**Your goal:**
Copy all entries verbatim and keep any pictures out of the copy.

********************

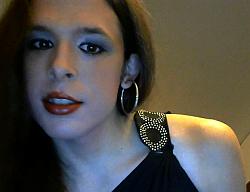 Click image for larger version. 

Name:	Video 6rop.jpg 
Views:	320 
Size:	142.1 KB 
ID:	976300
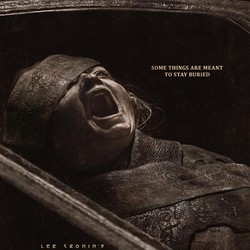 Lee Cronins The Mummy: Mumi Yang Beneran Serem
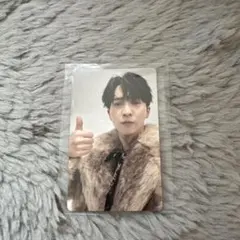 爆裂愛してる/好きすぎて滅 初回限定盤B 吉田仁人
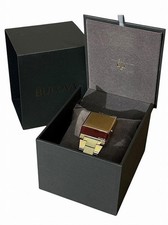 Orologio digitale Bulova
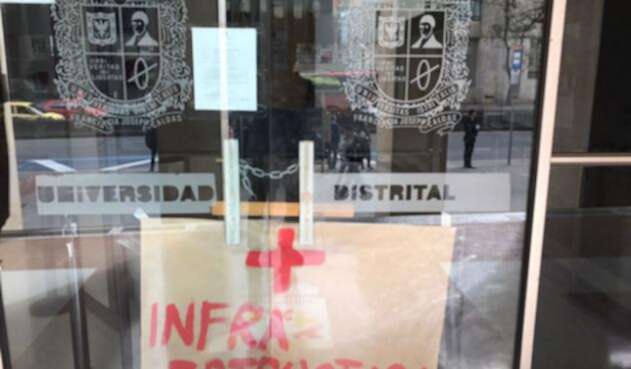 Toma-U-Central-LA-FM.jpg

********************

**Result for this task:**
 Click image for larger version. 

Name:	Video 6rop.jpg 
Views:	320 
Size:	142.1 KB 
ID:	976300
 Lee Cronins The Mummy: Mumi Yang Beneran Serem
 爆裂愛してる/好きすぎて滅 初回限定盤B 吉田仁人
 Orologio digitale Bulova
 Toma-U-Central-LA-FM.jpg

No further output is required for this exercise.